Exercise aim: The expected result is the run of lines from the one containing "Ruime villa met" to the end of the listing, copied exactly.

Extracted entries:
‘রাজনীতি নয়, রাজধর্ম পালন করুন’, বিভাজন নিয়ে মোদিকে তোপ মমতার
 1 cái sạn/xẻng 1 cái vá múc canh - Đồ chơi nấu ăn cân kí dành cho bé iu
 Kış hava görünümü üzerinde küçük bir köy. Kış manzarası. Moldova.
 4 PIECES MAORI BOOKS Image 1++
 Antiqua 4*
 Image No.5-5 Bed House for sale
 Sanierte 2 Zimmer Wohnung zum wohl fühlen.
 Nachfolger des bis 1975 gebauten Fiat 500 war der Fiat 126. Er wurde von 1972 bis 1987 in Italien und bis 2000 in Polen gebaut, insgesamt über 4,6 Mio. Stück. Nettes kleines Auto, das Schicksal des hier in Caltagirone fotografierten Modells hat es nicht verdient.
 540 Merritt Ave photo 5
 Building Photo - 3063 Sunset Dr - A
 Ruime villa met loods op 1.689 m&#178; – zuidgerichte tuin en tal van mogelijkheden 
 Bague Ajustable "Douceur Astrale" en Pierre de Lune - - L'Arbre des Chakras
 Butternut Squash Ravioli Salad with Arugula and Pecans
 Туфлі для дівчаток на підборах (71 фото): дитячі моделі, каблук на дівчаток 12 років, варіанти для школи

Solution for this problem:
 Ruime villa met loods op 1.689 m&#178; – zuidgerichte tuin en tal van mogelijkheden 
 Bague Ajustable "Douceur Astrale" en Pierre de Lune - - L'Arbre des Chakras
 Butternut Squash Ravioli Salad with Arugula and Pecans
 Туфлі для дівчаток на підборах (71 фото): дитячі моделі, каблук на дівчаток 12 років, варіанти для школи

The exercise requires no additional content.